Sustainability focus of International Education Week
30 Oct 2014
Source: University of Buffalo
By: SUE WUETCHER
UB’s annual celebration of International Education Week (IEW) Nov. 10-14 will focus this year on the topic of sustainability, with the keynote speakers and other events bringing a global context to the subject.
The keynote speakers this year are Wilson Center staff members Roger-Mark De Souza, director of population, environmental security and resilience, and Lisa Palmer, public policy scholar. Their talk, “Global Sustainability: Interconnectedness, Resilience and the Path Forward,” will take place at 4 p.m. Nov. 12 in the Student Union Theater, North Campus.

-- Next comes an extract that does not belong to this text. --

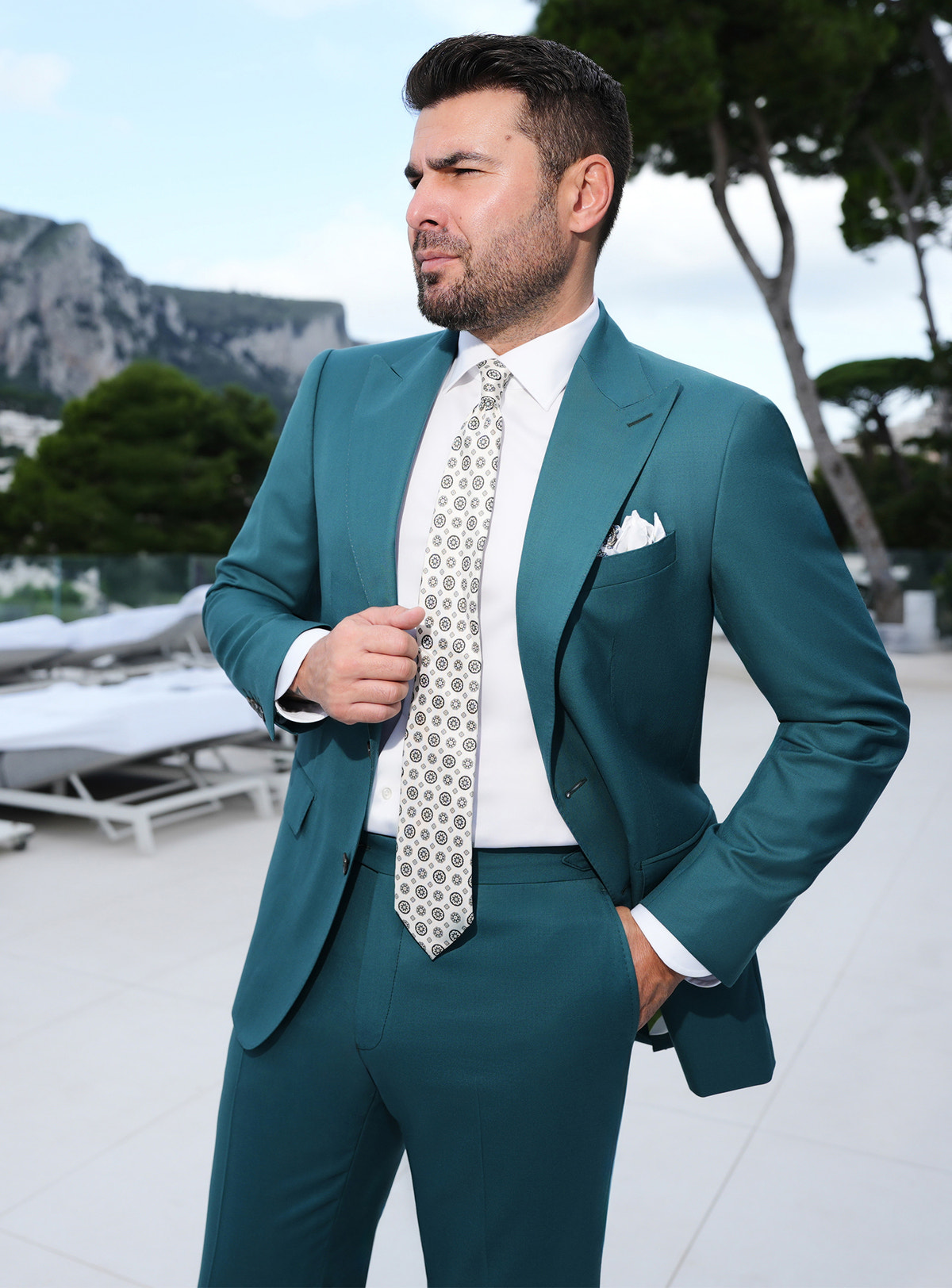 Teal Consiglieri suit worn with a white shirt and a light patterned tie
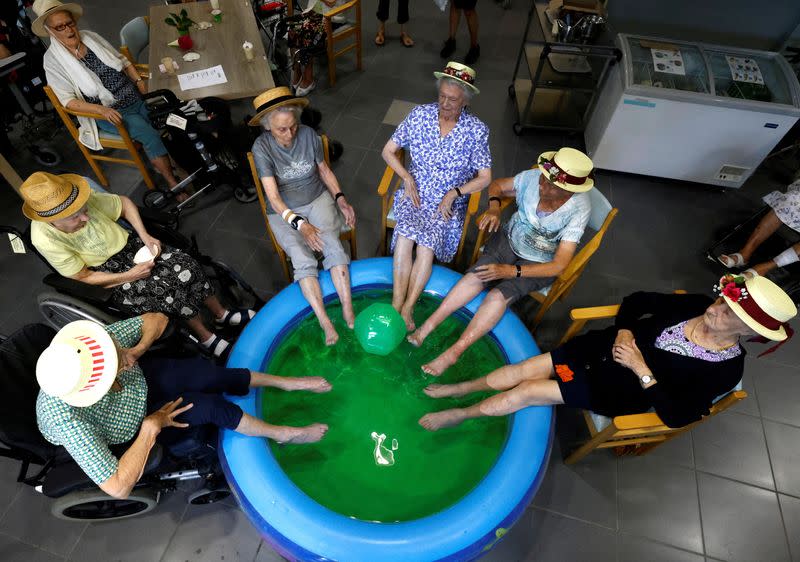 Residents at the Ter Biest house for elderly persons dip their feet in a pool as a heat wave hits Europe, in Grimbergen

In their talk, De Souza and Palmer will focus on ways to build resilience to natural and human-made stresses by investing in youth, women and communities, while exploring how integrating concepts like women’s empowerment, reproductive health, community engagement and food security can lead to better policy and actions to cope with adversity.
They will also present the stories of innovators who are developing new ideas and models of social change to address global and local sustainability. By sharing these stories, they will discuss the surprising ways that the broader integration of sustainability and conservation practices and policies can open the door to resilience.
De Souza leads the Wilson Center’s Global Sustainability and Resilience Program, Environmental Change and Security Program, and Maternal Health Initiative. Before joining the center, he served as vice president for research and director of the climate program at Population Action International, and director of foundation and corporate relations at the Sierra Club. Prior to working at the Sierra Club, he directed the Population, Health and Environment Program at the Population Reference Bureau, where he designed and implemented research, communications and capacity-building projects in the U.S., Africa, Southeast Asia, and Latin America and the Caribbean.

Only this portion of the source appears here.